Cool... I've added a note though :-)
No... Carry would be 1 only since X + Y is constrained to take values less than 1 8 only.
Nicest approach here :)
@Samuel Qin . Good point. Thanks.
Even with X + Y = 1 0 it is possible for the carry from the tens to the hundreds to be 2. After all, if Z = 9 then X + Y + Z = 1 9 , which would lead to 1 + X + Y + Z = 2 0 in the tens column... In a complete solution this should be accounted for!
First column says that X+Y=10. This tells us that the second says Y=Z+1. And as X+Z=9, the X in the third column must be 1. Hence, X=1, Y=9, Z=8.
How can you say that X in the third column will be 1 ?
Terry, the 'X' in the third column has to be 1 because it is carried over from 'X+Y' from the second column; since Z+1=Y is a single digit. X+Y also has to be a multiple of 10, and it can only be 10 because they are both single digits. Which means that only '1' can be carried over to the third column which must be 'X'.
Accidentally clicked on the wrong answer, oh well..
This is exactly how I did it, too
I love this solution
Pretty much how I did it!
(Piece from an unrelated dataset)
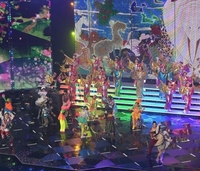 マツケンサンバ２を熱唱する松平健ら＝東京国際フォーラム（撮影・伊藤笙子）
I saw that y must equal z+1, that x+y must be equal to 10, and that x must equal 1. The problem solves itself from there.
i play tennis innit
We know that X+Y=10(X&Y are single digit number and X+Y+Z=10+Z), at max if we put Z=9 also we will get X+Y+Z=19 & X+Y+Z+1=20 which is not allowed as in the problem statement. (X,Y,Z all are different nonzero digit)
While the carry does indeed have to be 1 in this case, I'm not sure if you fully explained why the carry can't be 2.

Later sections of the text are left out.